In recent years, agrotourism in Cyprus has been developing on increasingly solid ground thanks to the Cyprus Agrotourism Company. A network of accommodations has been created in approximately 60 villages. These have been renovated to include modern comforts, but maintain their rugged authenticity. Εlements such as culture, the local community, gastronomy, rural countryside, nature, and tradition are combined into a year-round package offering escape into idyllic settings. Some of these are located just a few kilometres from the shores of Larnaka and Pafos. Others are further inland in regions of Limassol and Nicosia, and more are nestled back into the Troodos mountains in the heart of Cyprus.

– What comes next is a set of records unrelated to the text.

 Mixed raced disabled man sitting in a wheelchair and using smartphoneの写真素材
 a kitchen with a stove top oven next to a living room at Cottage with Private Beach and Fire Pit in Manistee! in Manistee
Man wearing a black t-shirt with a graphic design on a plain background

Photos: Deputy Ministry of Tourism
In the province of Nicosia, one can find the village of Aska, with its unique flora and the rare tree Apania, as well as various agroaccommodations in splendid surroundings. In the famous, green- covered village of Kakopetria, where the element of water is dominant, await folk art museums housing works from a bygone era. Kalopanayiotis is suitable for hiking, mountain biking, and fishing around the dam. Next to Kakopetria, in a green valley lined with watermills and medieval churches, is the village Galata. The villages of Spilia and Kourdali are also located in the Troodos region, offering peace, relaxation, and a healthy climate yearround. Lythrodontas is situated closer to the capital (about 30km from Nicosia). Surrounded by olive groves as far as the eye can see, the hospitable locals are happy to share their customs and point guests in the direction of olive and flour mills open to visitors. At an altitude of 1,100 metres, on the northern slopes of the Troodos mountain range, is the village Pedoulas. Surrounded by pines, cherry trees, and natural springs, Pedoulas, one of the most popular of these mountain villages, possesses a rich cultural life highlighting the customs and traditions of the place, as well as luxury accommodation in boutique hotels.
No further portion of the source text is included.